The flora of Crete consists of trees and plants, which can also be found in other regions of Greece and the wider Mediterranean area. Out of the 2,000 species which can be found in Crete, 160 of them are endemic to the island (i.e. found nowhere else). This is easily explained as Crete is an island and its ecosystem is isolated due to the surrounding sea.
Compared to periods of the past, the vegetation of today has been diminished to a large degree. Mountains that previously had lush vegetation such as Psiloritis (Mountain Ida or Idi) are today almost bare. The few wooded areas remaining on the island, can be found at:
- Mostly on the White Mountains range in west Crete. The wooded Samaria Gorge can be considered as an image from the past of Crete.
- The south flanks of Mt Idi in Vorizia, Kamares and Zaros area
- The south flanks of the Dikti Mountains in Selakano and Pefkos in Vianos area
Common trees in Crete are the tamarisk (Tamarix cretica), oak-, chestnut-, pine-, cypress– and the evergreen plane tree (Platanus orientalis). This grows close to water and it can grow up to 30 meters high. It is also quite often found in the village squares, offering its shade to people. A huge plane tree, or platanos in Greek, can be seen at Topolia village in west Crete on the road from Kissamos (Kastelli) to Elafonissi. It is so huge that the local community has declared it a “Monument of Nature”.

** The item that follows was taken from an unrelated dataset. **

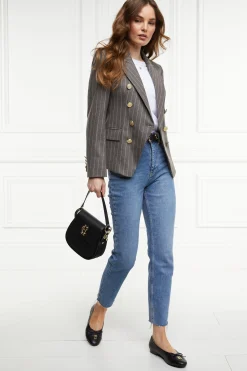 Hot Knightsbridge Blazer (Soft Grey Pinstripe) Women Blazers|Tailoring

Another famous plane tree is the one in Krasi village on the way from Iraklion to Lassithi Plateau (the trunk of which has the largest circumference of any plane tree in Europe). Undoubtedly, the most famous plane tree is the one in Gortyn, which according to mythology, was where Zeus “married” Europe after he kidnapped her from Asia Minor. Look for it when you visit this magnificent archaeological site in south Iraklion area.
Of singular natural beauty is the palm-forest of Vai, where Phoenix theophrasti grows, a variety unique to Crete. Another famous palm forest is the Preveli one. A much smaller and less known one exists at Agios Antonios in south Iraklion district.
Most tourists visit Crete during the hot summer months. This is the period of the year that the island looks like a desert: brown hills, dry bushes and lots of dust. Crete is totally different in the winter and spring. New grass and wild greens have grown and Crete is a green island. People who have known Crete in the summer won’t recognize it in the winter.
In April and May Crete is covered by wildflowers: poppies, daisies, camomile, iris (Iris cretica), gladiola (Gladiolus italicus), tulips (Tulipa orphanidea), hyacinth (Muscari commosum) and various species of Cretan orchids.
In shady areas white cyclamens (Cyclamen creticum) can be found. Unfortunately cyclamens are considered an endangered species, so when you see them do not cut them, just take a photo of them.
Herbs like thyme, sage and rosemary are very common in Crete and they have been used for thousands of years for culinary and medical purposes.
Dittany (Origanum dictamus), dictamos or erontas in greek, is another Cretan herb. It is said that the wild goats of Crete ( kri-kri, an ibex endemic to Crete) look for it and eat it when they injure themselves as it helps in the healing of their wounds. Dittany grows wild in steep cliffs and it is very good for stomach-ache. Today it is also cultivated in Vianos area in the villages of Xeniako, Milliarado and Katofigi.
No page about the Flora of Crete can be complete if the evergreen Olea Europea is not mentioned. Olea is the common olive tree, you will see myriads of it on Crete and It is part of the history of Crete and Greece.